Without the pictures, repeat all of the data exactly as it appears below.

(Beginning of Material provided)

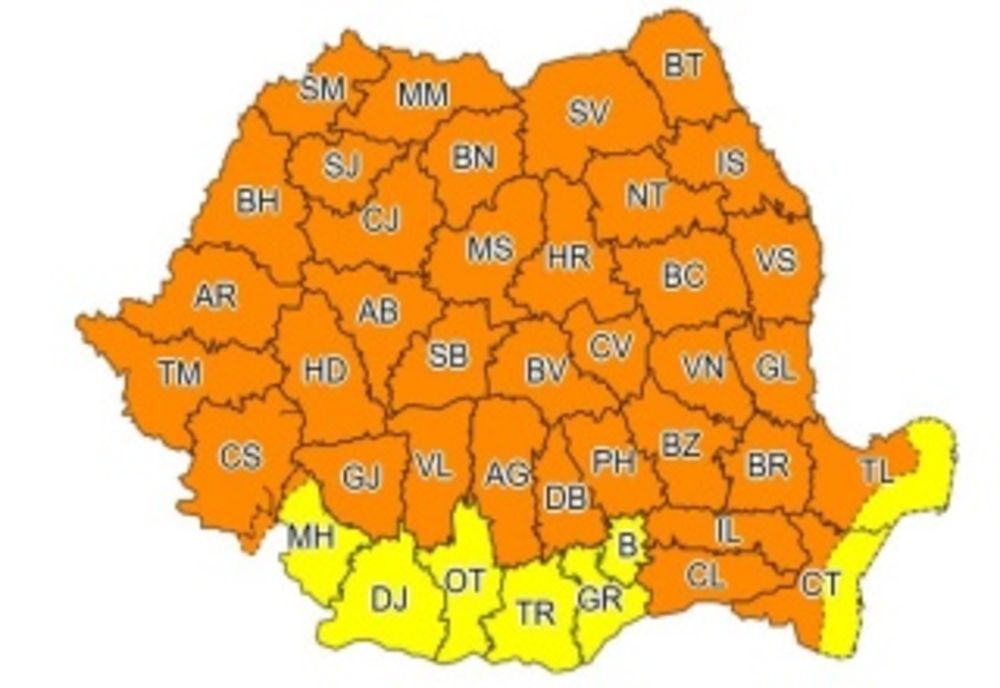 Cod PORTOCALIU de furtuni în aproape toată țara. Cum va fi vremea la Giurgiu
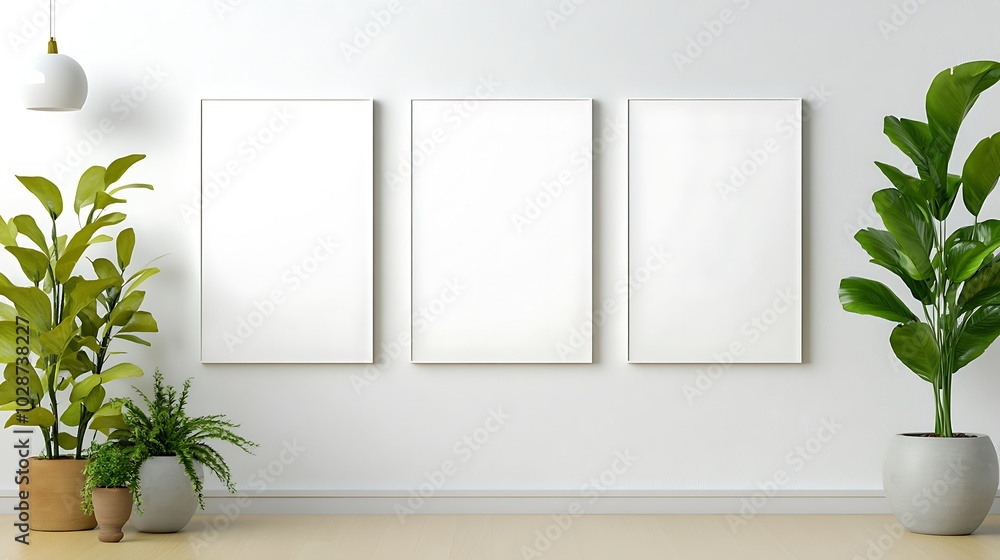 Fototapeta premium Three blank posters in a vertical arrangement on a sleek, modern white wall with soft lighting and minimalistic decor.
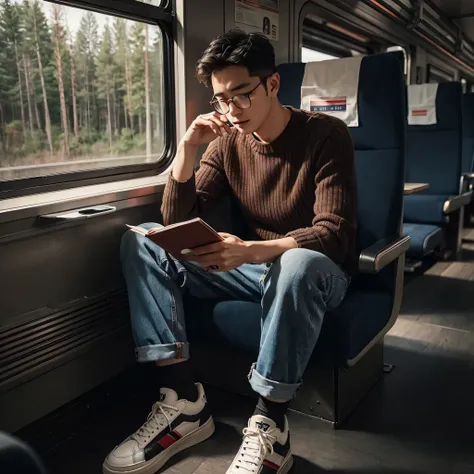 full body, cinematic portrait of an asian man with very short hair with headphones, glasses, sitting on a train seat writing in a notebook, wearing Tommy Hilfiger shoes, sitting in the train aisle, a train without passengers, solo portrait , writing in a j...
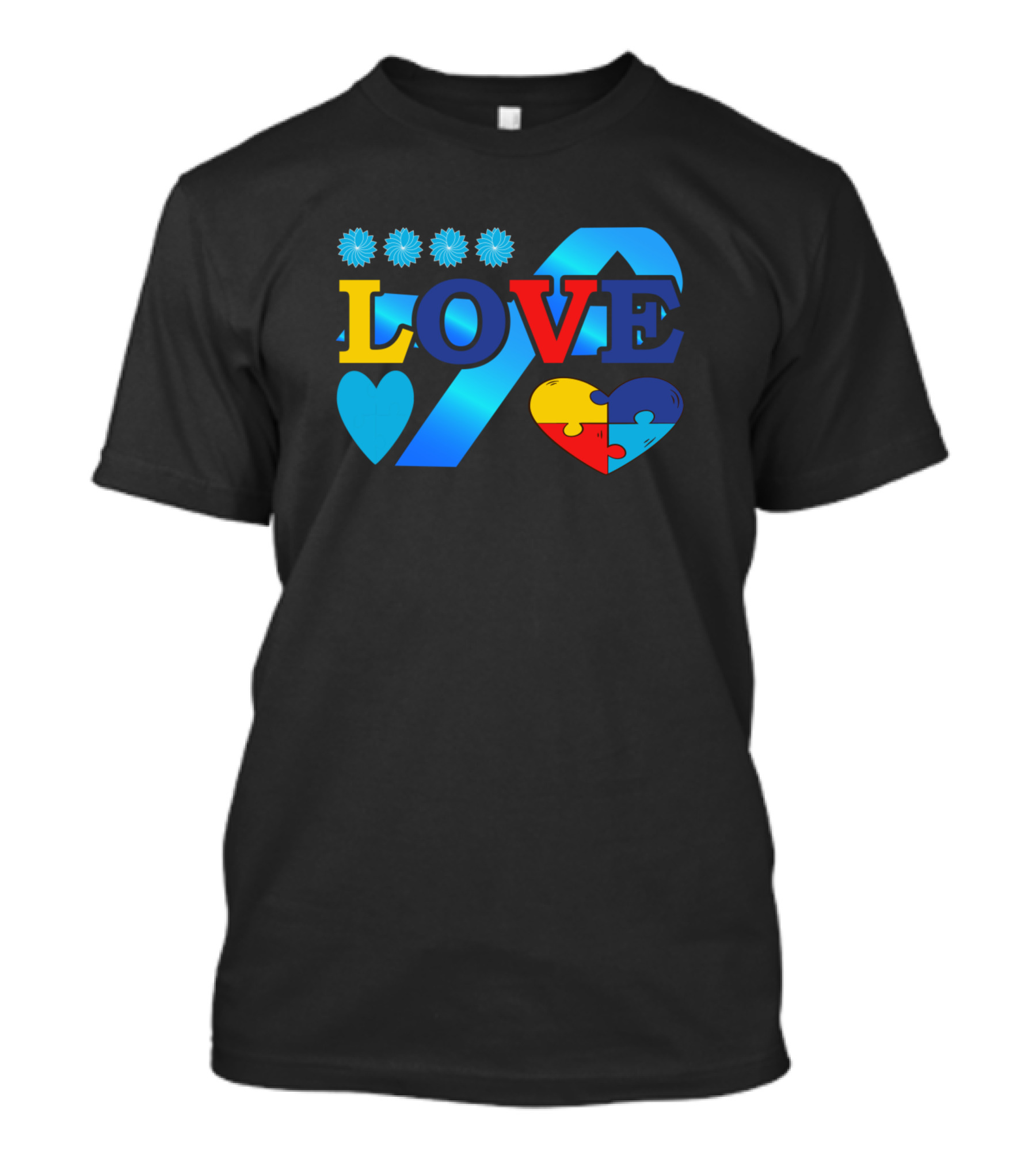 LOVE Autism Awareness Ribbon Puzzle Heart T-Shirt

(End of Material provided)

Written answer
 Cod PORTOCALIU de furtuni în aproape toată țara. Cum va fi vremea la Giurgiu
 Fototapeta premium Three blank posters in a vertical arrangement on a sleek, modern white wall with soft lighting and minimalistic decor.
 full body, cinematic portrait of an asian man with very short hair with headphones, glasses, sitting on a train seat writing in a notebook, wearing Tommy Hilfiger shoes, sitting in the train aisle, a train without passengers, solo portrait , writing in a j...
 LOVE Autism Awareness Ribbon Puzzle Heart T-Shirt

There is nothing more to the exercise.